Few Chinese have met Westerners.
Right now, the average Chinese have access to state-run news which tells them Tibet was never independent, asked for PRC support to resist Western imperialism in the 1950s and wants to break away, due to a secretly militant and nationalist Dalai Lama.
History gets fuzzy when it keeps changing, much like recollections of past ex-girlfriends or ex-boyfriends change when your current partner asks for details.
The state of China and the Chinese people need to be treated as two separate parties as we approach the games.
Most Americans these days don’t want foreigners to confuse their ideologies with those of President George W. Bush, thus the reason some Americans wear red maple leaf patches when they tour Europe.
Hate the war, love the soldier.
The Chinese see images of foreigners the world over trying to douse the Olympic flame or statements like, “Our government should boycott the Beijing games …,” however, the state of China carefully neglects the context of “… because the Chinese government has oppressed, silenced and killed Tibetans for 50 years.”

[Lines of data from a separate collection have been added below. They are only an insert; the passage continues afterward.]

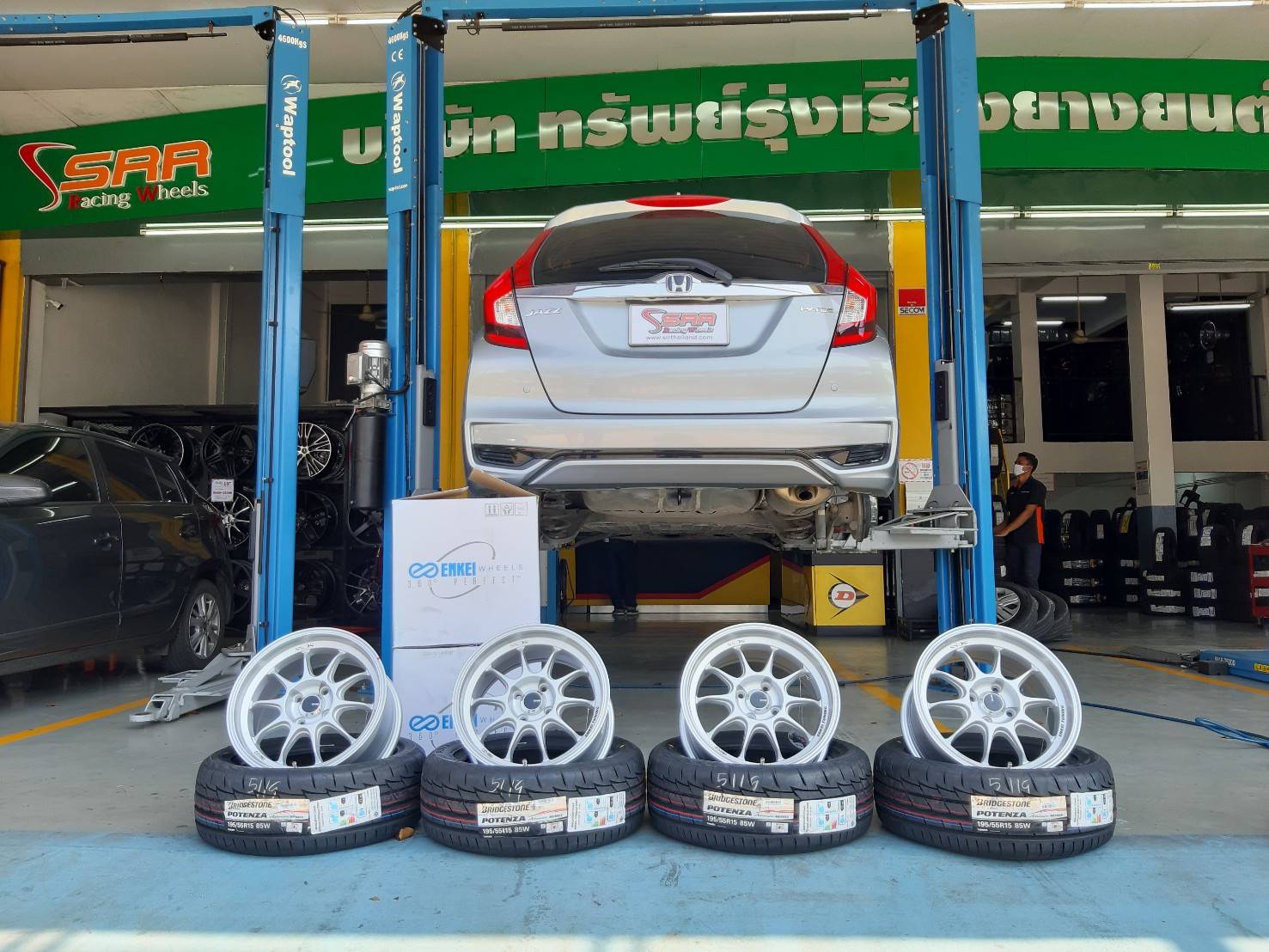 ENKEI TUNING SC55 ขอบ15 ET+28 4x100 GSV1QR2DKK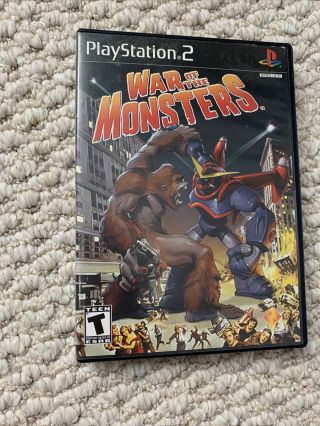 War Of The Monsters Ps2 Cib Complete (sony Playstation 2,  2003),  Rare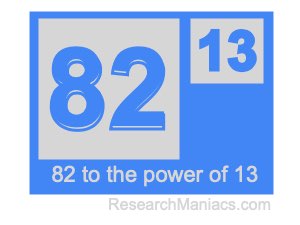 82 to the power of 13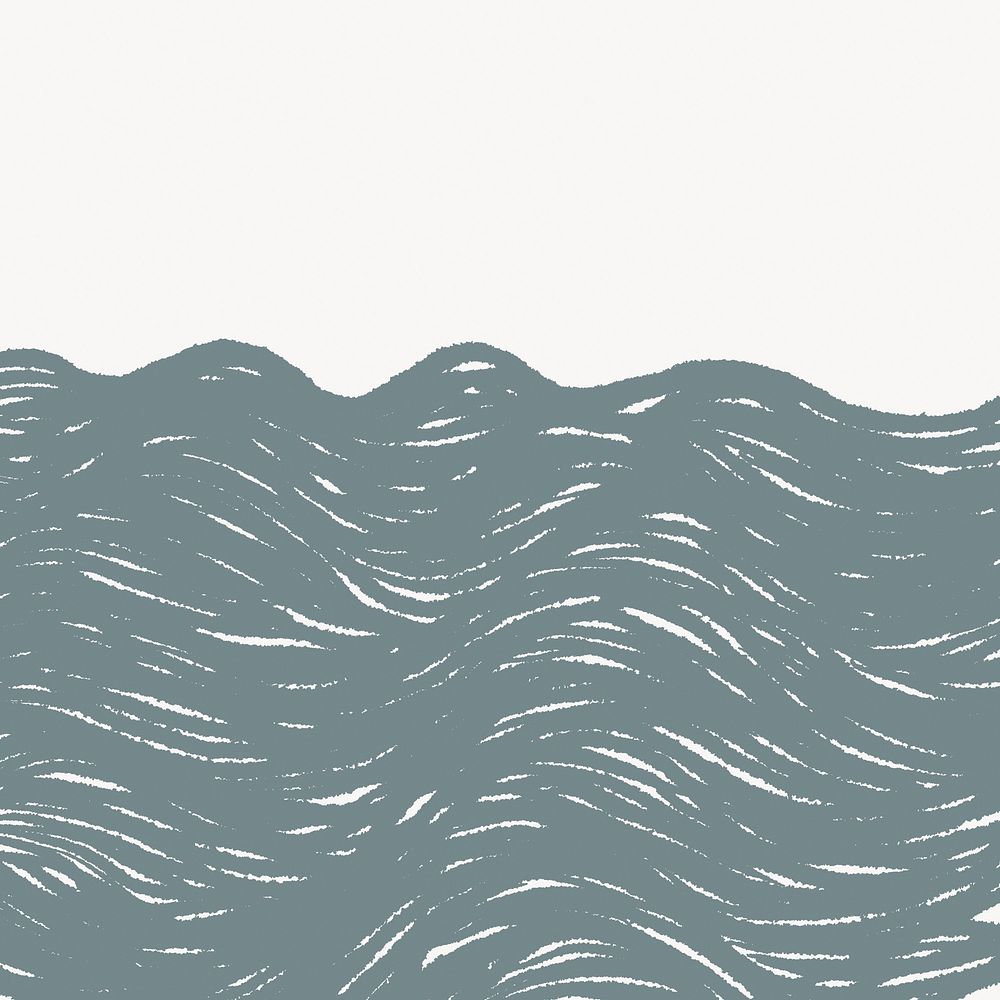 Wave border background, blue design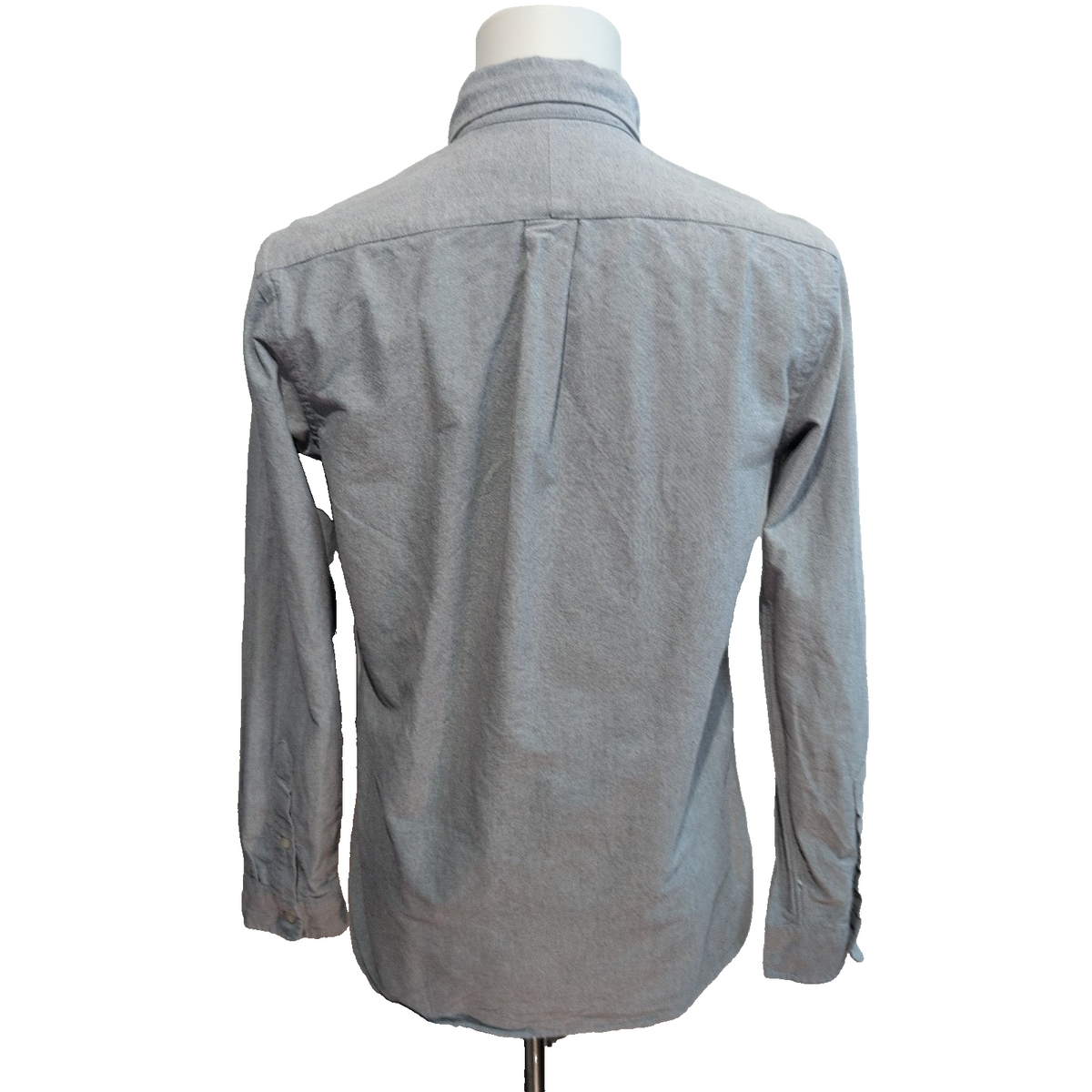 Chemise Ralph Lauren S Gris Uni Oxford Logo Marron Coton manches longues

Protesters would do better to silently protest the passing Olympic torch with signs reading “Question Your Government” and “Dissent is Necessary,” “Demand Free Speech” — of course written in Mandarin — and hope to get caught on camera.
“Free Tibet” bumper stickers help pay manufacturers to make more “Free Tibet” bumper stickers but do little to actually free Tibet.
One-sixth of the world’s population wakes up with a photo of Chairman Mao on the mantle. They support their government because there is little or no access to the outside world.
Bitter street protests in San Francisco or Paris make rabble-rousers feel self-satisfied, but to the average potential Chinese dissident watching on television, the Western countries seem like tribes of self-righteous jerks, which helps neither Tibet nor the average Chinese.
Rather than boycott the games, more Westerners should go. For many Chinese, the 2008 Olympics may be the first face-to-face contact with Westerners.
An old friend of mine returned to Sedona after a few months in the Far East. In China, he was asked bluntly and naively, “Tiananmen, did that happen?”
For Westerners, the oppression in Tibet, the massacre of students in Tiananmen Square and Beijing’s efforts to limit free speech and dissent are old news. To the Chinese, they are rumors desperately seeking confirmation.
The right words at the right time could do more than a full day of tear-gas-filled fun on the Champs-Élysées.
Communist China is a doomed creature, whether it happens in the slow progression toward capitalism or with a violent overthrow by the people.
Either way, this summer’s celebration of the best achievements the human body can perform could be a tool to show the Chinese what’s possible from free minds.
Ask yourself, “How would Jack Bauer free Tibet?”